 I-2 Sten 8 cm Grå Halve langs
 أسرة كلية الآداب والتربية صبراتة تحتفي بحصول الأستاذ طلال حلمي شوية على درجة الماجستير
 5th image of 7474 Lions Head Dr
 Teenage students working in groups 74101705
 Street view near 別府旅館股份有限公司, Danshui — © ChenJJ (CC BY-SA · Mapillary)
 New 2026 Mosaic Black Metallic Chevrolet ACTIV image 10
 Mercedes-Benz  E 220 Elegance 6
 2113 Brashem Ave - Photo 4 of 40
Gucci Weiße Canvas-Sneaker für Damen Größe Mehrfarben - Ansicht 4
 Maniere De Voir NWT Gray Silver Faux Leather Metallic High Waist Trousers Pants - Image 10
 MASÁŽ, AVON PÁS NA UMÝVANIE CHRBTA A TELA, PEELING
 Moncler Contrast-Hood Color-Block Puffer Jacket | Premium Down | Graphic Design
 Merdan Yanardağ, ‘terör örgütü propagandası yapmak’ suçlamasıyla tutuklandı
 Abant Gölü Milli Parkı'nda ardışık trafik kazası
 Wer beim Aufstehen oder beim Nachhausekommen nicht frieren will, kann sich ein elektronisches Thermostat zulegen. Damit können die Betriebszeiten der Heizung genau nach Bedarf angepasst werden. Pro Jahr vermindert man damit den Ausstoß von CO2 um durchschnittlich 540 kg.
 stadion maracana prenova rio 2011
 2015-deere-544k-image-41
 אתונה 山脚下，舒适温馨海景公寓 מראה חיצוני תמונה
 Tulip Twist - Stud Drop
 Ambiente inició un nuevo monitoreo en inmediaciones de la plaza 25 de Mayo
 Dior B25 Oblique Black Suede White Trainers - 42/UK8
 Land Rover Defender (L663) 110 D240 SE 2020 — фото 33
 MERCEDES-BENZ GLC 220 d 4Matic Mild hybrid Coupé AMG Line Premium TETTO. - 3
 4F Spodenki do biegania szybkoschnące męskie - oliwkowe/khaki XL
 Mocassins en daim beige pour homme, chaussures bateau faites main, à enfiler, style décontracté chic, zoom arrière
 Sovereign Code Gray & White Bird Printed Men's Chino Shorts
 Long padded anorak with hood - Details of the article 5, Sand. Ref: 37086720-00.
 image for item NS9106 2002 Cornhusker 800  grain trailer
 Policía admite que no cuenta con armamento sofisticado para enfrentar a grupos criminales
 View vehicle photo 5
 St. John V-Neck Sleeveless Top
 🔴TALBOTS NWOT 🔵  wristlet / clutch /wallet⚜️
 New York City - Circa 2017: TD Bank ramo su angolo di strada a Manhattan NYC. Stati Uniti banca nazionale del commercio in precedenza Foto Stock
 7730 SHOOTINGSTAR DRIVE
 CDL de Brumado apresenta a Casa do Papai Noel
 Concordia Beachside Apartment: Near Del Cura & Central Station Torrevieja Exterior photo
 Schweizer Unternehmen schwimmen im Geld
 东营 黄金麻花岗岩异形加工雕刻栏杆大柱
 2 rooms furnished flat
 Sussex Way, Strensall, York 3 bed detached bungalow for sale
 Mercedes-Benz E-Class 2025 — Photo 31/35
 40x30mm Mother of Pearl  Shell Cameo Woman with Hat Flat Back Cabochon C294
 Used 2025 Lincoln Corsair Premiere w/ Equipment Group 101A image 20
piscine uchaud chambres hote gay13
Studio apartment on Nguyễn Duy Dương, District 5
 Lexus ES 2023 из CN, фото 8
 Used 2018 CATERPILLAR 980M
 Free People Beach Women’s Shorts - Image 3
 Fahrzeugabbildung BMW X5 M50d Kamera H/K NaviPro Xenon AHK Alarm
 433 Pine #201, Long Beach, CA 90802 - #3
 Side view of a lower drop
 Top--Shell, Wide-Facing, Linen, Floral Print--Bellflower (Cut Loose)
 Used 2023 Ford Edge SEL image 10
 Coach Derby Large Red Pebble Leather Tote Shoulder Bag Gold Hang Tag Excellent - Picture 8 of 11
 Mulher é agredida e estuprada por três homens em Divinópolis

------------------------------

* [Directions for this task]
Your answer should consist of all lines in the listing above that contain "White".

* [Output of the task]
 Dior B25 Oblique Black Suede White Trainers - 42/UK8
 Sovereign Code Gray & White Bird Printed Men's Chino Shorts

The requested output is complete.